Band Aid
“Band Aid” has a clever hook: a married couple who can’t stop fighting start a band as an outlet for their frustrations and resentment. They’re still screaming at each other, but through the prism of rock ‘n’ roll songs, and it has a strangely positive effect on their relationship.
It’s a delicious and strong filmmaking debut by Zoe Lister-Jones, who wrote, directed, produced and co-stars in the romantic dramedy, which reportedly used an all-female crew. Adam Pally plays the husband, and the movie doesn’t short-shrift the male perspective like so many other films balanced in the opposite direction.
Lister-Jones plays Anna, a former writing prodigy who these days drives for Uber and frets about how all her friends are having babies … and feeling the pressure to do the same. Pally is Ben, a freelance graphic designer (when he cares to work, which isn’t often). He seems to spend most of his days playing video games and not cleaning the house.
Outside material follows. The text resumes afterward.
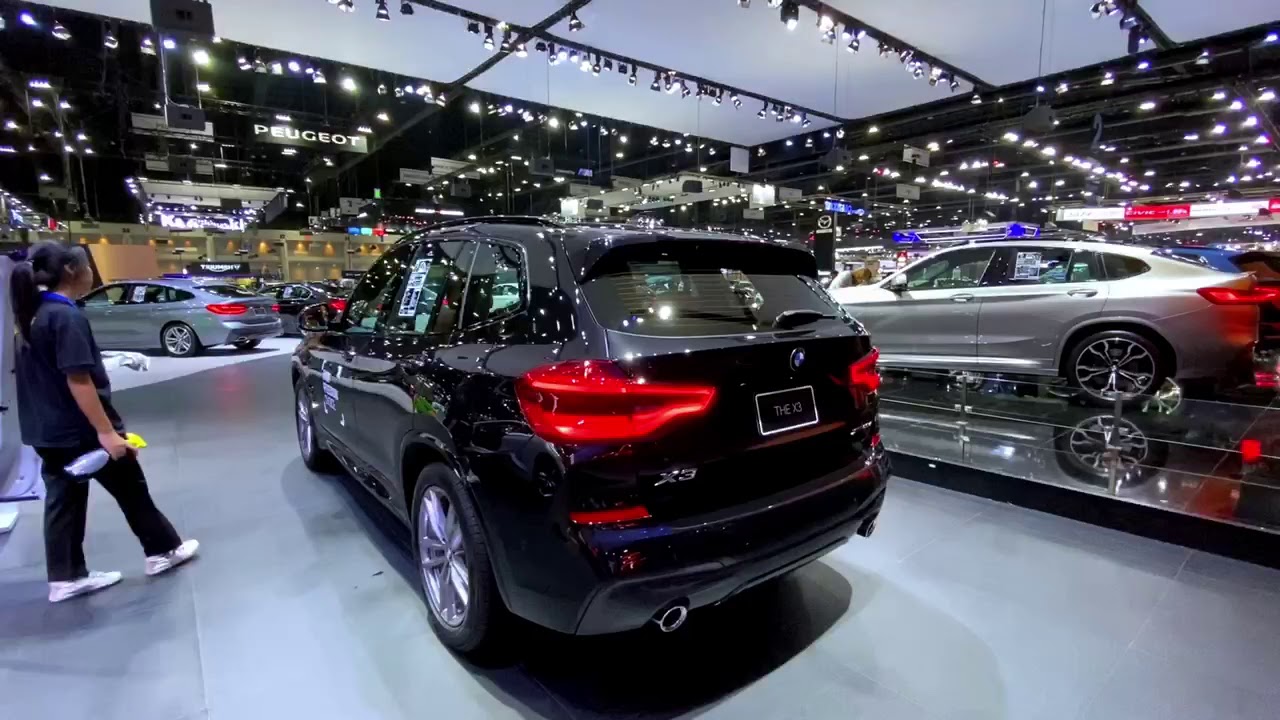 พาชม BMW X3 xDrive20d M Sport (CKD) - X3 M Sport ประกอบในประเทศ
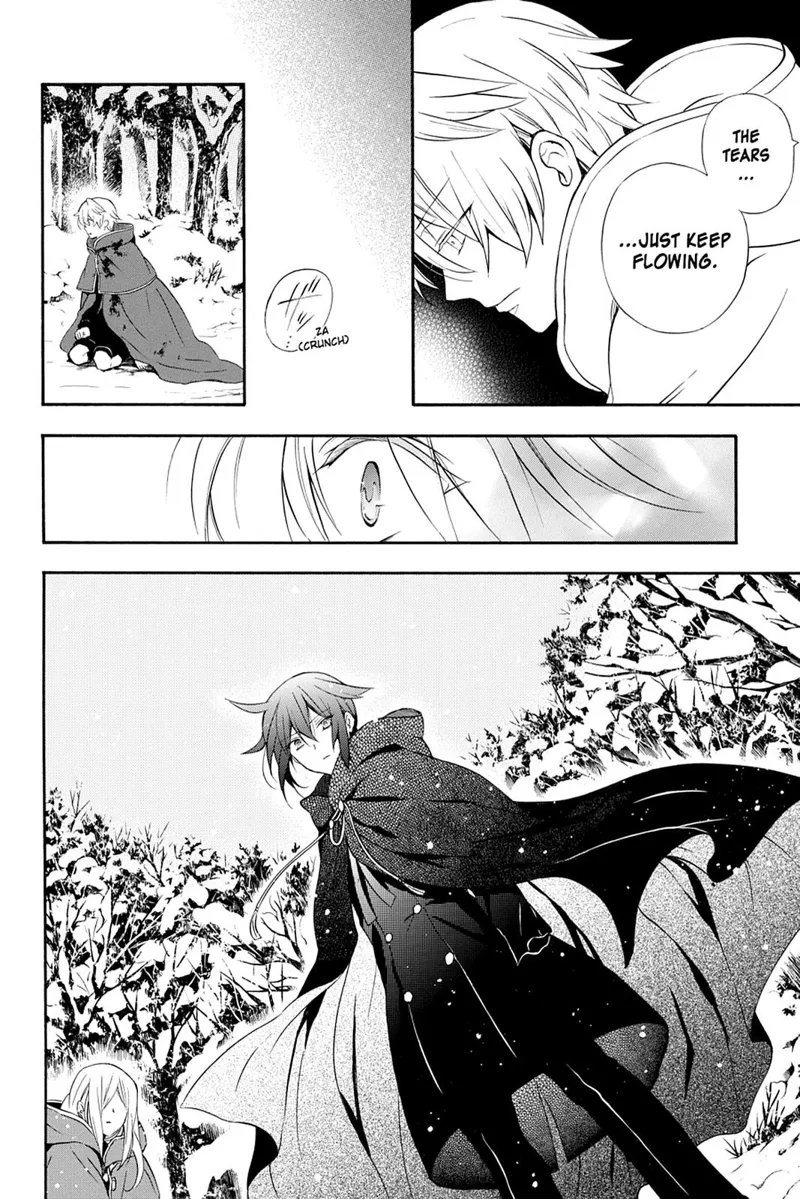 Pandora Hearts Chapter 101 - 36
Part of them wants to have kids, part of them resents being forced into that role, and they direct their negative feelings over that conflict into each other. Already amateur musicians who cut up at birthday parties and such, they dust off their old instruments and start to pound away in the garage. Fred Armisen plays their creepy neighbor, a recovering sex addict who gets recruited as the drummer.
The songs (written by Lucius) are catchy and fun, and the movie boasts plenty of hilarity peppered with some deeper scenes that reveal the extent of the main characters’ anger. At the core of their struggle is what they don’t want to face: the feeling they’re thirtysomethings who failed to launch.
Smart and insightful, “Band Aid” looks at married life from an authentic vantage point, where all is not bliss and the power chords are sometimes painful to hear.
Bonus features are OK. They include seven deleted scenes, outtakes and a music video that’s part song and part comedy.